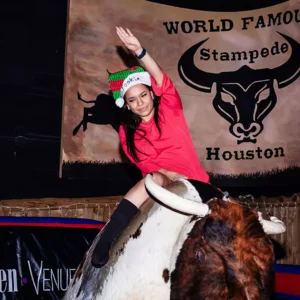 Guest riding the mechanical bull during a holiday party at Imagen Venues, a turn-key corporate event venue in Houston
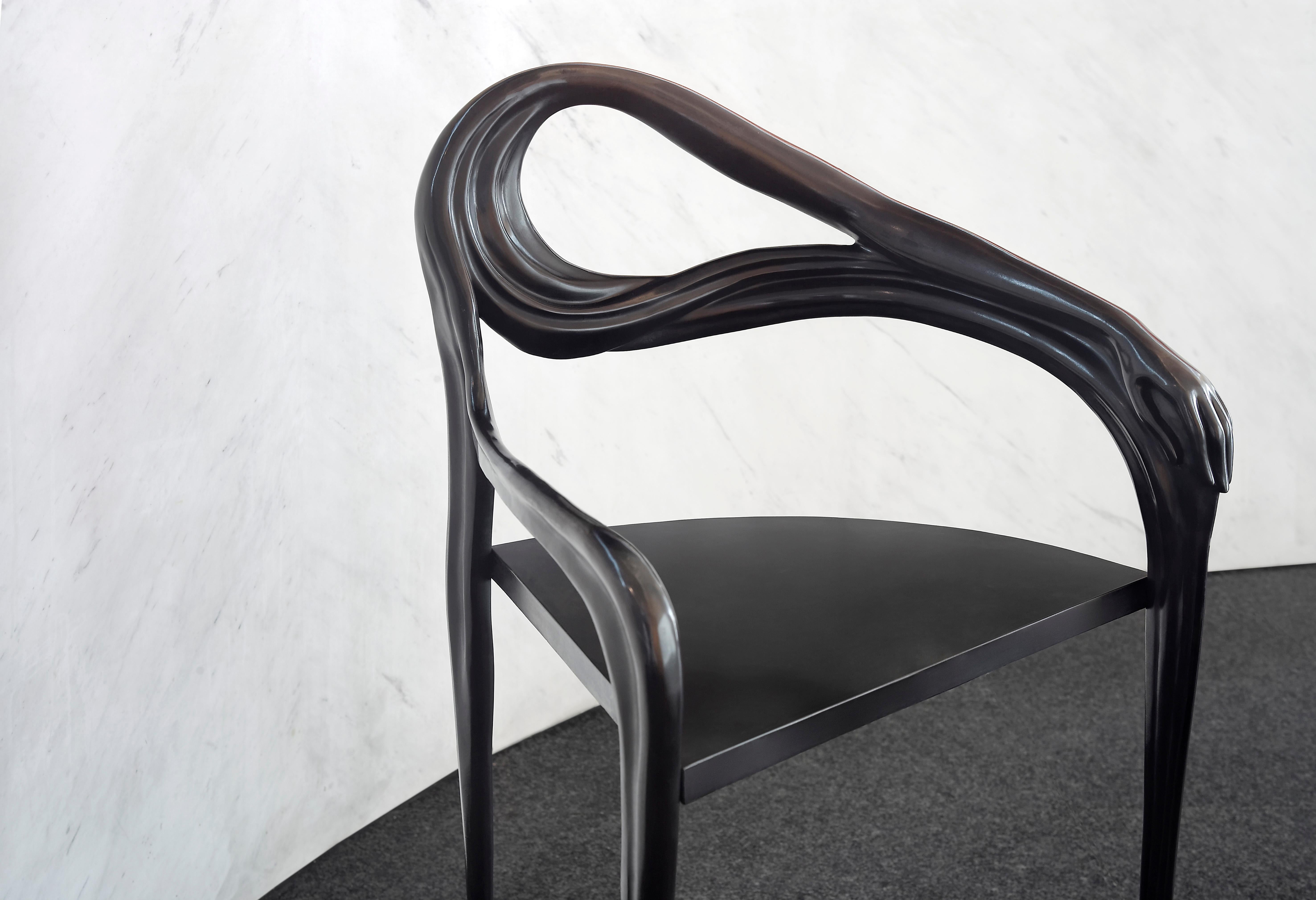 Leda armchair designed by Dali manufactured by BD.

All pieces of ironwork in this collection are made of brass. The Black Label Leda collection has an artisanal application of a special patina (metal dissolved in nitric acid) which is applied to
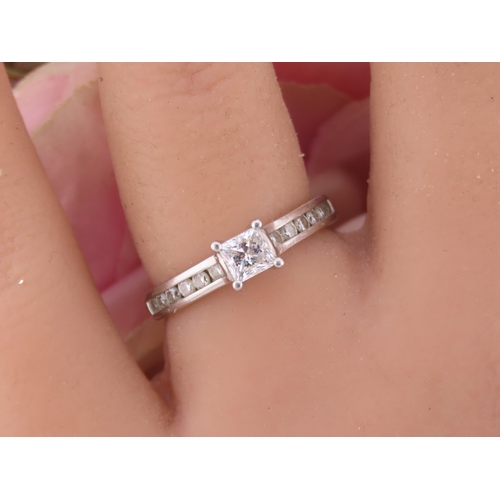 196 - A platinum diamond ring, set with a square cut central diamond flanked by graduated diamonds to each...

Problem details:
Without the pictures, write out the entire listing exactly.

Solution to this problem:
 Guest riding the mechanical bull during a holiday party at Imagen Venues, a turn-key corporate event venue in Houston
 Leda armchair designed by Dali manufactured by BD.

All pieces of ironwork in this collection are made of brass. The Black Label Leda collection has an artisanal application of a special patina (metal dissolved in nitric acid) which is applied to
 196 - A platinum diamond ring, set with a square cut central diamond flanked by graduated diamonds to each...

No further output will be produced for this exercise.